[[ Records for this exercise, beginning ]]
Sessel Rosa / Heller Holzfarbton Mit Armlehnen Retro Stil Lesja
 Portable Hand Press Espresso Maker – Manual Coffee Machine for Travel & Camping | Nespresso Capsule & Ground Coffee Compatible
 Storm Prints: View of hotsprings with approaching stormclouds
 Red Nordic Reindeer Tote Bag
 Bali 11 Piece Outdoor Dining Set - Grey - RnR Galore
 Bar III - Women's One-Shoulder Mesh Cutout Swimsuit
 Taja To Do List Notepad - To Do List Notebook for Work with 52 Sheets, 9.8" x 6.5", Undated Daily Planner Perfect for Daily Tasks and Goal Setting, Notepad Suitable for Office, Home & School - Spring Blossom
[[ Records for this exercise, end ]]
#### Your assignment
Nothing but a number should be given: how many lines of the material contain "with".

#### Finished task
2